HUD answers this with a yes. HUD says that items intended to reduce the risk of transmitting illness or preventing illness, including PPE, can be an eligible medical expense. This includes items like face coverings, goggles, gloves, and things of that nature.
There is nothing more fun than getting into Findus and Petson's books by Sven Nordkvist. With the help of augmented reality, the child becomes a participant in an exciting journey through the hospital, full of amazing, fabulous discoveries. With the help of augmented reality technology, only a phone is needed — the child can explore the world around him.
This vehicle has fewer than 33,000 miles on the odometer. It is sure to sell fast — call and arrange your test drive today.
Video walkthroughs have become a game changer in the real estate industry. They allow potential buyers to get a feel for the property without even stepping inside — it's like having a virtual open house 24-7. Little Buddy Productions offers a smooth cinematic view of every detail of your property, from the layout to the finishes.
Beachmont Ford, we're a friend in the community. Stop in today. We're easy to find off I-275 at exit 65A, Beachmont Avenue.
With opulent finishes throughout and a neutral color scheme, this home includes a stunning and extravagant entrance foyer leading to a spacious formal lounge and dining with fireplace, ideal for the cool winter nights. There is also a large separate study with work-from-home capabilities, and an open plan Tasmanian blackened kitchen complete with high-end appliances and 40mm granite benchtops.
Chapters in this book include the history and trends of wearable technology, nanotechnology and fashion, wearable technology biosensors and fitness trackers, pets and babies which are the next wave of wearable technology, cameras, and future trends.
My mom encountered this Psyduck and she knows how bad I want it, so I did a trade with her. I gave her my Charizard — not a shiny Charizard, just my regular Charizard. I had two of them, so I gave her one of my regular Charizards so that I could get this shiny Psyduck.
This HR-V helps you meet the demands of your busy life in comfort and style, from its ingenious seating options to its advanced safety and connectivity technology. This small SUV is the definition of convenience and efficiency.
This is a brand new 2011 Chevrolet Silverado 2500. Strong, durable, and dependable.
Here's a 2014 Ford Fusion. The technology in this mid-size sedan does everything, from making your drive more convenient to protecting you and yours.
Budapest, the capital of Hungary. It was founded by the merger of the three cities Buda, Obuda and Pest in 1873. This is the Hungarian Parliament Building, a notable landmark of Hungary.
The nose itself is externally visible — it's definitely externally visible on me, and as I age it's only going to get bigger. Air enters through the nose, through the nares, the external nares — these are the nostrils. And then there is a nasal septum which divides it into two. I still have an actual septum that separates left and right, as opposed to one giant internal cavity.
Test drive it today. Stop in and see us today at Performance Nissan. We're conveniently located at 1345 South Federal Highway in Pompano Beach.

* [What to do]:
Would you retype the lines above from the one with "Beachmont Ford, we're" down to the one with "With opulent finishes", word for word, both ends included and no other lines?

* [Result]:
Beachmont Ford, we're a friend in the community. Stop in today. We're easy to find off I-275 at exit 65A, Beachmont Avenue.
With opulent finishes throughout and a neutral color scheme, this home includes a stunning and extravagant entrance foyer leading to a spacious formal lounge and dining with fireplace, ideal for the cool winter nights. There is also a large separate study with work-from-home capabilities, and an open plan Tasmanian blackened kitchen complete with high-end appliances and 40mm granite benchtops.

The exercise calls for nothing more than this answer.